Tea time

Today I’m putting together notes for a talk I’m giving this week. I’m giving it from my desk, but most of the people at the other end of my computer will be in China. A talk on tea to China.

This is when I feel like a fraud, but it’s not that at all. I’m talking about tea history and how to prepare for time travel through understanding how tea was brought into Europe and North America. I have Russian silver and a reproduction Dutch cup and a bunch of other things to show and tell.

I used to teach these things and now I’m nervous because I’m giving a talk. Tea to China, I tell myself, is not chutzpah. Tea history includes what Linnaeus knew about the plant, and why there are no teapots prior to a certain date and where beef tea fits in. I intend to detour via portable soup when I talk about beef tea, because they’re related and I have some portable soup right now. I won’t make beef tea, I’m afraid because I have no love for it.

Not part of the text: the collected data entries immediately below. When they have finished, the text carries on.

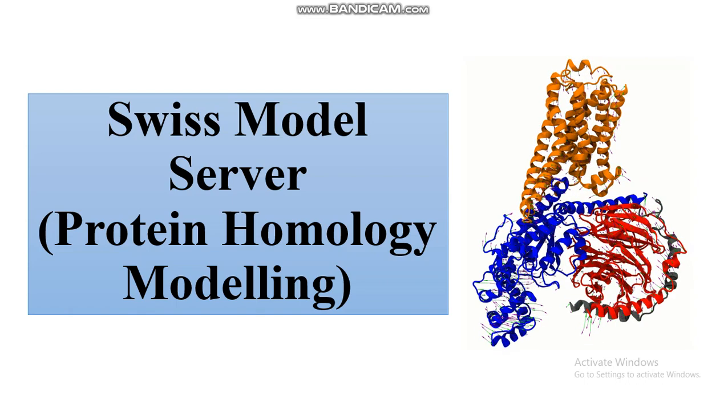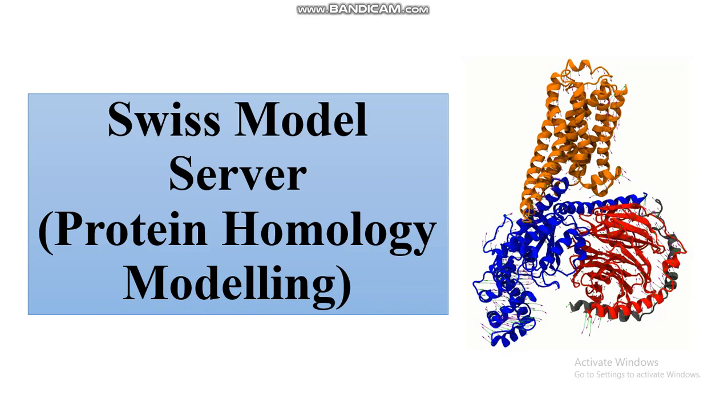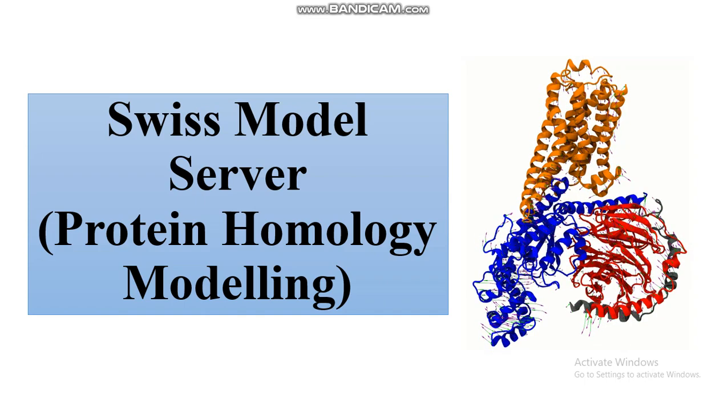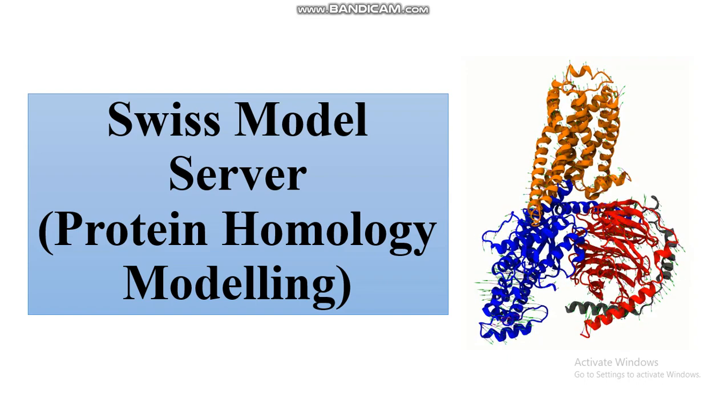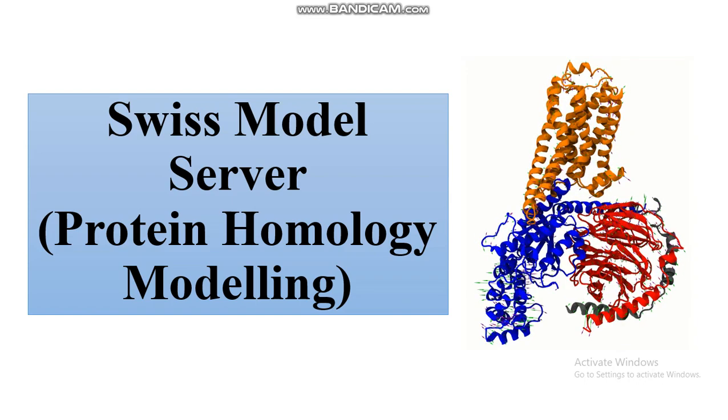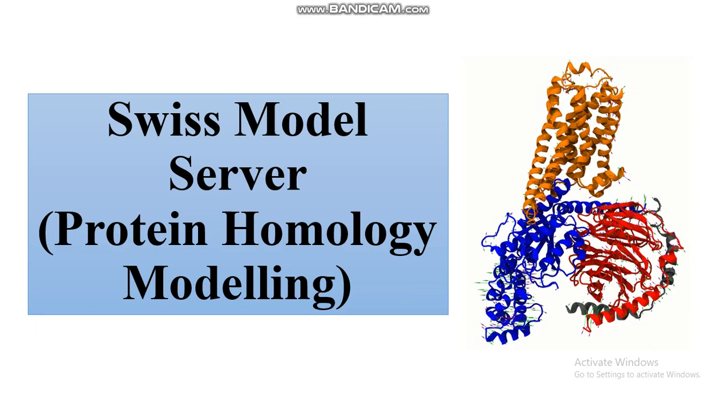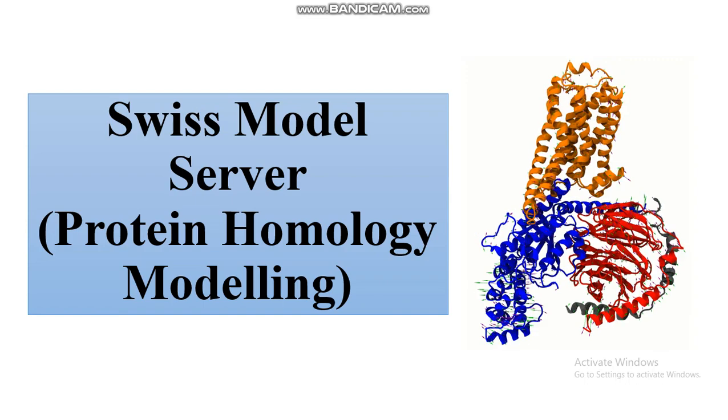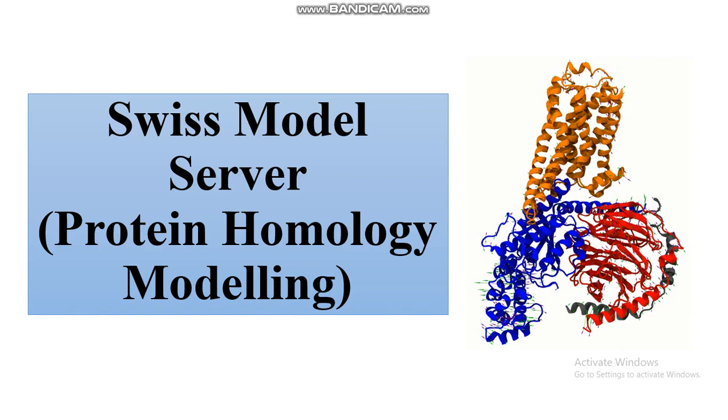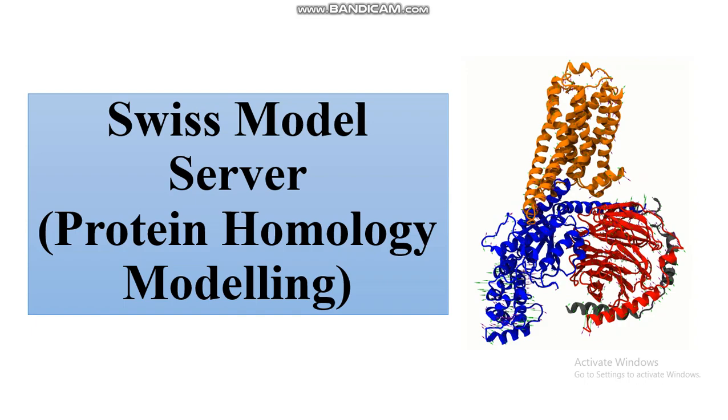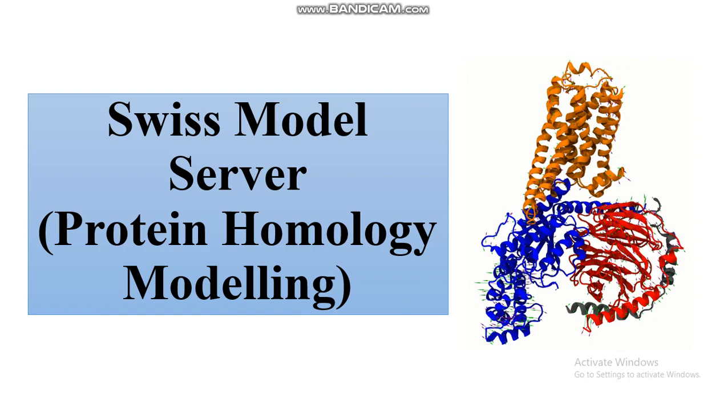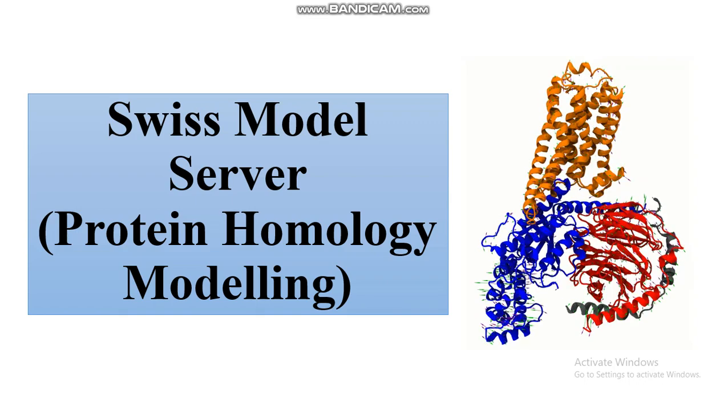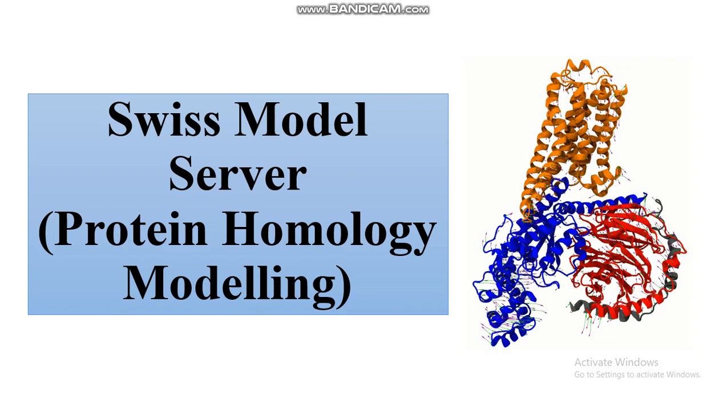For docking studies, if the 3D structure extracted from RCSB PDB database has a higher resolution, this structure may have some interaction changes in molecular docking study. For this, we have to choose the 3D structure based on its resolution. If you have issues regarding the higher resolution of 3D structure, you can remodel your 3D structure using this Swiss Model Server.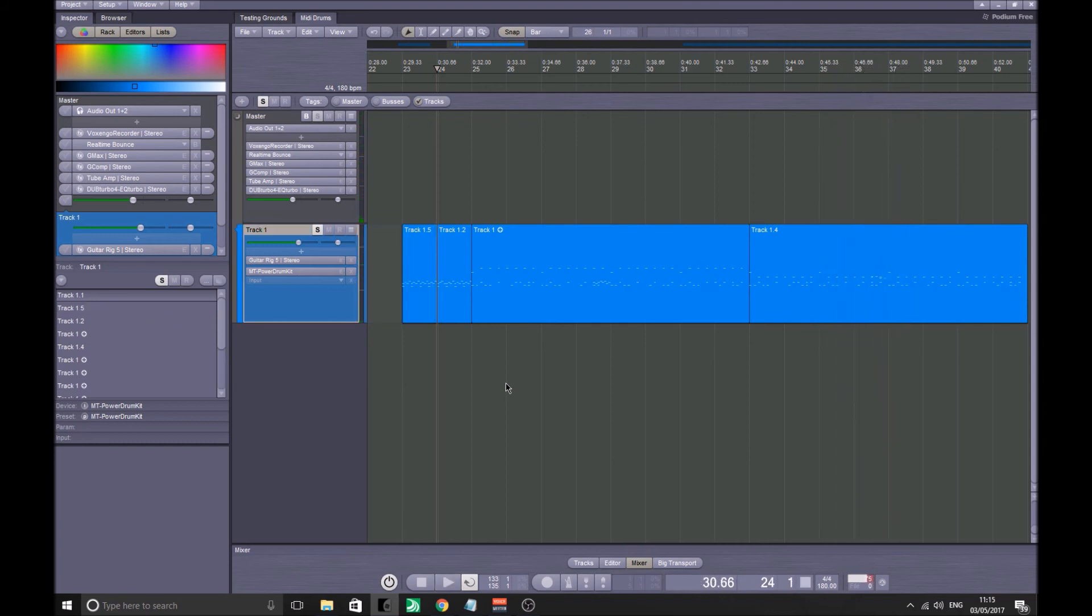So there you go. There is a MIDI drum kit, how best to utilize it, all for free. Links will be in the description. Till next time, I've been Andy from DIY Bands. Keep it punk.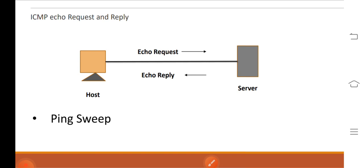While a single ping tells the user whether one specified host computer exists on the network, a ping sweep consists of ICMP echo requests sent to multiple hosts. If the host is active, it returns an ICMP echo reply.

What else shall I talk about? Medieval herbals (briefly) and popular tea literature in the 17th century. What Marco Polo said (or didn’t say) about tea and my guess as to why. Tea substitutes, including during the US Revolutionary War and in the early Australian colonies.

Lots of things.

My aim is to finish most of it today, along with most of my Patreon material. I have 2 other talks to prepare this week, too. This is on top of my regular research, but it’s fun stuff on top of my regular research. As long as I get it done and all ready for the world SF convention, things are good. October is busy, but delightfully so.

I think that this post calls for a cup of tea. I have a rather nice oolong to drink this afternoon. Which reminds me, I haven’t included even a mention of British Malaya and its relationship with oolong into my talk yet. Nor how coffee and tea identity-switched in British at a certain moment. Nor… I should write.

2 thoughts on “Tea time

  1. It occurs to me that what you are talking about is what non-Chinese people did with tea and how it affected the rest of the world, which is quite possibly something most Chinese people aren’t as familiar with. I mean, I’m sure many of them know a lot about tea, including the history of things done in China by the British in particular because of tea, but they are less likely to know about what tea did in North America or Europe.

    Sounds interesting and I’m not even much of a tea drinker.

    1. Yes and know. I will only talk about tea in China as it affected tea elsewhere (and it did, of course). I don’t think I’ll be talking about the rise of colonial tea plantations, because that’s a different story entirely, but Ill touch on it in passing. I’m an ethnohistorian, so I’ll be talking about how tea was seen and used and where some critical bits of tea equipment came from.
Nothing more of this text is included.